Ser músico no es solo un trabajo. Es una pasión. Y las pasiones son difíciles de jubilar. Tras 21 años en activo, Antonio Orozco sigue a lo suyo, haciendo lo que mejor sabe: cantándole al amor, ya saben, ese elemento monocultivo de su repertorio. Se lo conoce al dedillo, desde sus primeras consecuencias, cuando todo es volcánico y no existe nada más porque nada es más necesario; hasta su reverso amargo, el que cala más hondo y aflora cuando se apaga el volcán. Y es que incluso los volcanes más activos no erupcionan eternamente. El catalán actúa esta noche en el festival Cultura Es Vida (Son Fusteret, 20.00).
¿Sus canciones tienen calle?
—Algunas se convirtieron en grandes avenidas, tengo algún que otro callejón e, incluso, algún callejón sin salida.
La vulnerabilidad planea más abiertamente en su último disco, Aviónica, ¿se siente así?

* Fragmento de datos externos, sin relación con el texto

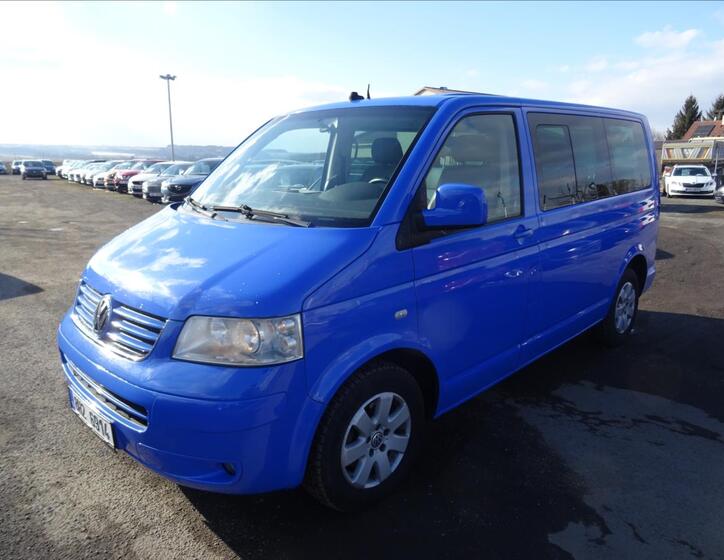 Volkswagen Caravelle 3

—Absolutamente. La vida me ha hecho más vulnerable. De joven eres inconsciente y según vas creciendo la parte oscura de la vida te hace vulnerable. De hecho Aviónica es la reflexión de un tío que toca fondo.

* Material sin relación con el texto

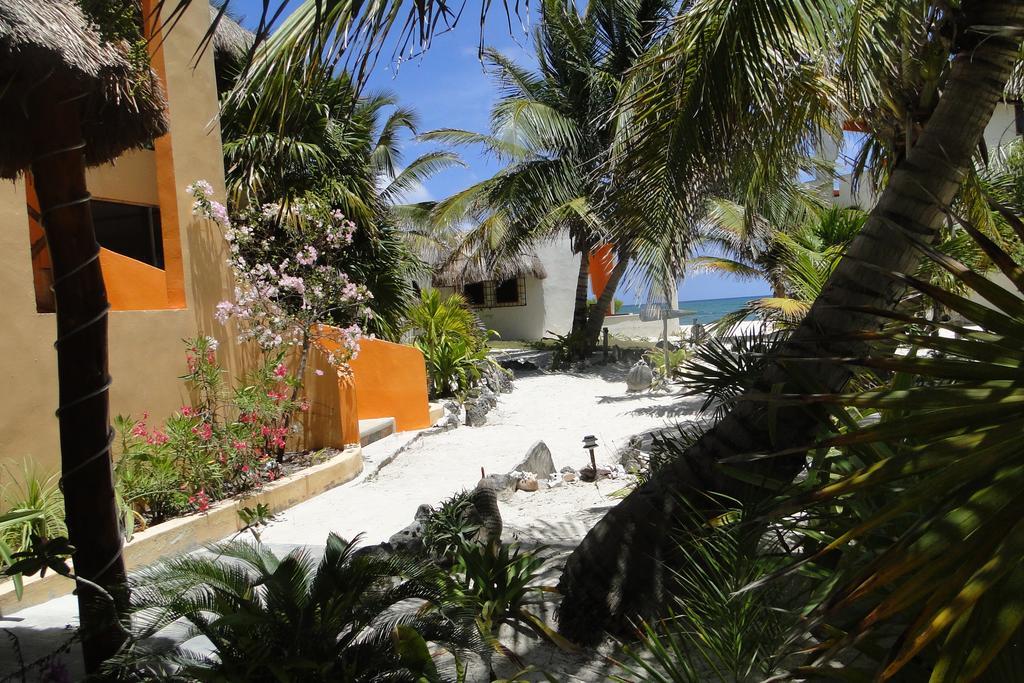 Mayan Beach Garden El Placer ภายนอก รูปภาพ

Aviónica ha recibido los parabienes de la critica, ¿tanta lisonja espolea o anula?
—La verdad es que ni ahora soy tan bueno ni antes a veces era tan malo. Un cantante latinoamericano dice que aunque no se reconozca toda crítica duele, y habría que tener en cuenta que detrás de cada canción hay muchas horas de curro.
¿Cómo se protege de la palmadita interesada en la espalda?

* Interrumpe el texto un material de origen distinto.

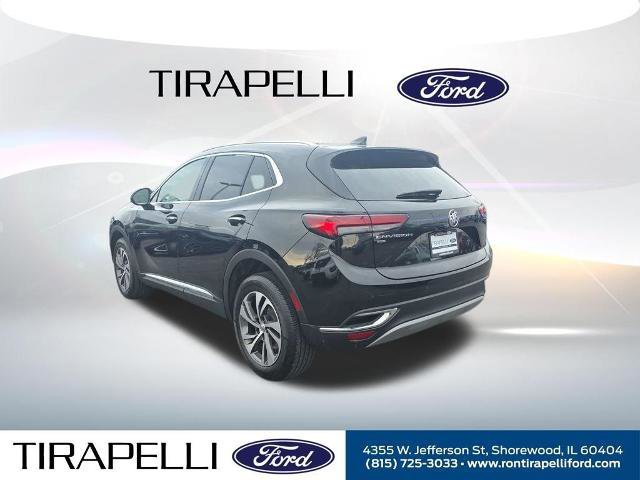 Used 2023 Buick Envision Essence image 5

—Soy una persona bastante auto suficiente, tengo un círculo de amistades cerrado, mi mundo se limita a pocos amigos y al mar, tengo el ego bien controlado. No necesito nada más, incluso he perdido la ambición, me conformo con lo que tengo, creo que hay que disfrutar el camino, ahora lo hago, antes no lo hacía porque vivía con prisa.
¿Se reconoce aún en aquel chaval de quince años que se enamoró de la música viendo tocar a unos chicos en el barrio de Triana?
—Qué poco objetivo puedo ser hablando de mí mismo, pero me gustaría pensar que lo único que ha cambiado en mi vida es el lugar donde vivo y las posibilidades que ahora me brinda la vida. Por lo demás, nunca he apartado de donde vengo.
¿Cómo funciona su control de calidad, de qué depende que una canción acabe en un disco o en la papelera?
—El control de calidad está muy cerca de la paranoia. Cada vez soy más matemático a la hora de terminar los trabajos, y soy menos amigo de las opiniones ajenas.
Jan, su hijo adolescente, canta, compone, toca la batería, el piano y además pinta… ¿orgullo de papá?
—A ver, la verdad es que el niño ha pasado media vida sobre un escenario y eso hace que sea infinitamente mejor que su padre (risas).
De tanto cantarle al amor, ¿teme que se le agoten los argumentos?
—A mí, en realidad, me gustaría saber si hay otra cosa además del amor.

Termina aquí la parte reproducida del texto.